- Opening Delimiter -

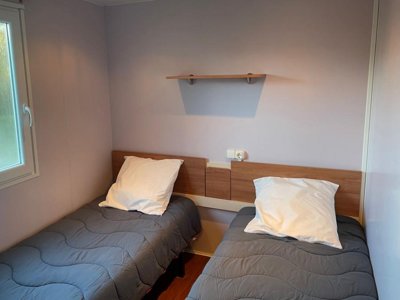 Cliquez pour découvrir toutes les photos de l'HÉBERGEMENT ! mobil-home - Le Mas De Reilhe photo 4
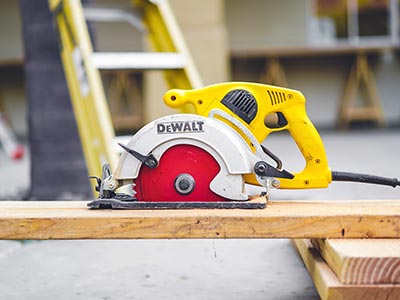 Tablesaw on piece of wood in workshop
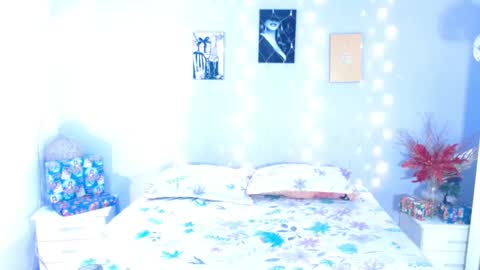 sofi smith online show from December 13, 2024, 7:32 pm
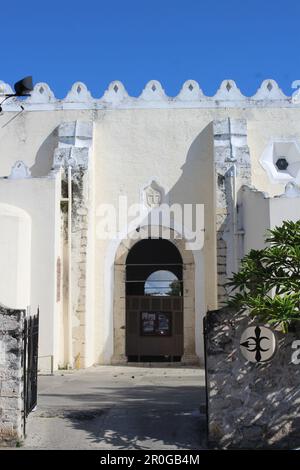 MERIDA, MEXIKO - 28. OKTOBER 2016 traditionelles weißes Gebäude im Stadtzentrum Stockfoto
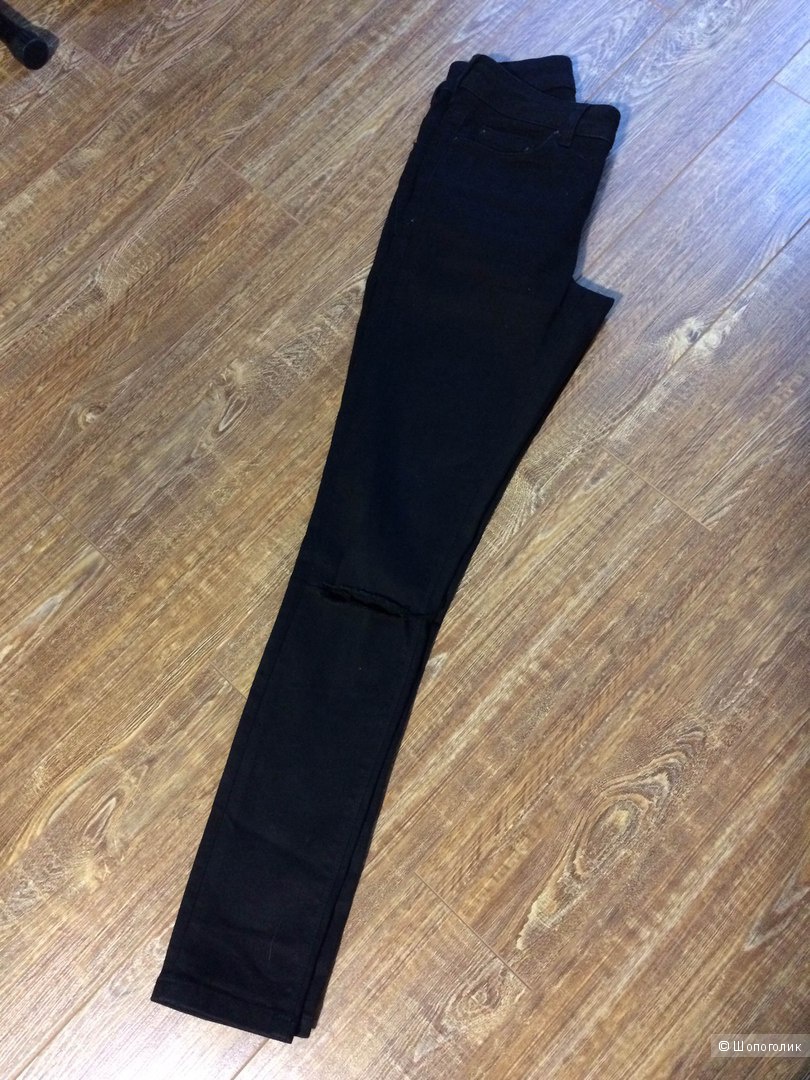 Ультразауженные черные джинсы с завышенной талией и рваным коленом ASOS PETITE Ridley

- Closing Delimiter -

WHAT THE TASK ASKS: An exact transcription is requested of each line from the one that holds "sofi smith online" to the end of the listing above, both boundary lines included; pictures are to be omitted.

RESPONSE AREA:
 sofi smith online show from December 13, 2024, 7:32 pm
 MERIDA, MEXIKO - 28. OKTOBER 2016 traditionelles weißes Gebäude im Stadtzentrum Stockfoto
 Ультразауженные черные джинсы с завышенной талией и рваным коленом ASOS PETITE Ridley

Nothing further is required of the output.